In the first year of use, IUDs have less than a 1% pregnancy rate, a 10% expulsion rate, and a 15% rate of removal for medical reasons, mainly bleeding and pain. The incidence of each of these events, especially expulsion, diminishes steadily in subsequent years. Mefenamic acid ingested in a dosage of 500 mg three times a day during the days of menstruation has been shown to significantly reduce the amount of uterine bleeding in IUD users.

Side Effects

Development of acute salpingitis more than a month after insertion of the IUD is due to infection with a sexually transmitted pathogen and is unrelated to the presence of the device. All IUD-related upper genital tract infections occur only during the insertion process. If there is clinical suspicion that cervicitis is present, the endocervix should be cultured and the insertion delayed until the results reveal that no pathogenic organisms are present. It is not cost-effective to routinely administer antibiotics with IUD insertion.

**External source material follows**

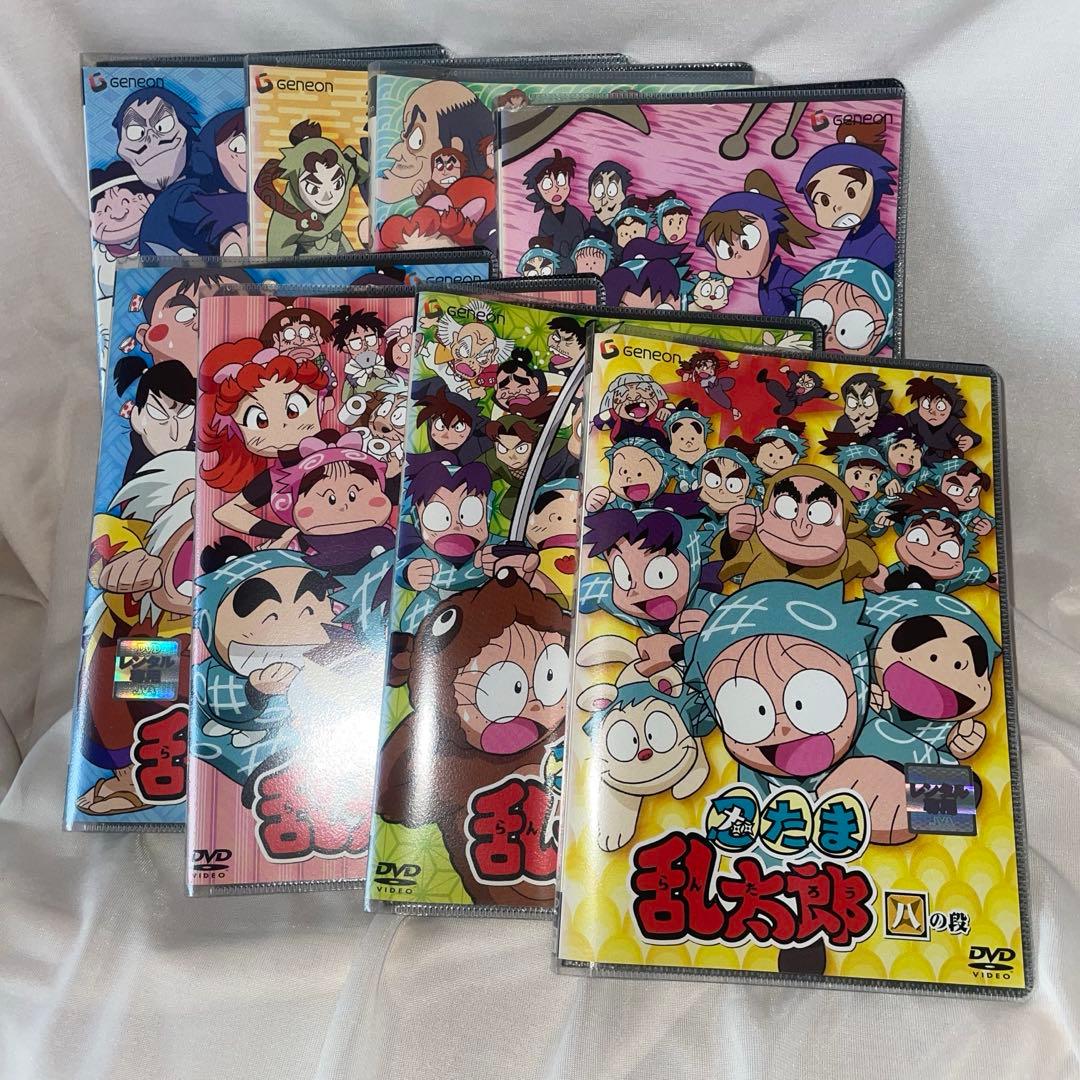 忍たま乱太郎　1期　1〜8巻　全巻セット　レンタル落ち Amazon.co.jp: TVアニメ 忍たま乱太郎 DVD 第18シリーズ [レンタル落ち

The IUD is not associated with an increased incidence of either endometrial or cervical carcinoma. The IUD is a particularly useful method of contraception for women who have completed their families, and its effectiveness is similar to that of tubal sterilization. It was calculated that after 5 years of use, the IUD is the most cost-effective of all methods of contraception, including sterilization.